A logical application of the decision below would even excuse delays from the causes listed although they were within the control, or caused by the fault of the contractor, and this despite the proviso's requirement that the events be "beyond the control and without the fault or negligence
We intimate no opinion on whether the high water amounted to a "flood" within the meaning of the proviso. Whether high water or flood, the sense of the proviso requires it to be unforeseeable before remission of liquidated damages for delay is warranted. The contracting officer found that 183 days of delay caused by high water were due to conditions normally to be expected. No appeal appears to have been taken from his decision to the head of the department, and it is not clear whether his findings were communicated to respondent so that it might have appealed. The Court of Claims did not determine whether respondent was concluded by the findings of the contracting officer under the second proviso to Article 9,
Reversed.
FootNotes
". . . Provided, That the right of the contractor to proceed shall not be terminated or the contractor charged with liquidated damages because of any delays in the completion of the work due to unforeseeable causes beyond the control and without the fault or negligence of the contractor, including, but not restricted to, acts of God, or of the public enemy, acts of the Government, fires, floods, epidemics, quarantine restrictions, strikes, freight embargoes, and unusually severe weather or delays of subcontractors due to such causes: . . ."

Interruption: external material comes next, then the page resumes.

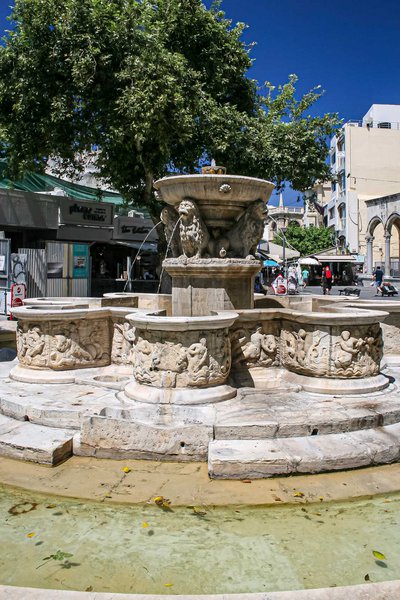 Τα «Λιοντάρια», η κρήνη του Μοροζίνι, σημείο αναφοράς του ιστορικού κέντρου.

"Provided further, That the contractor shall within ten days from the beginning of any such delay notify the contracting officer in writing of the causes of delay, who shall ascertain the facts and the extent of the delay, and his findings of facts thereon shall be final and conclusive on the parties thereto, subject only to appeal, within thirty days, by the contractor to the head of the department concerned, whose decision on such appeal as to the facts of delay shall be final and conclusive on the parties hereto."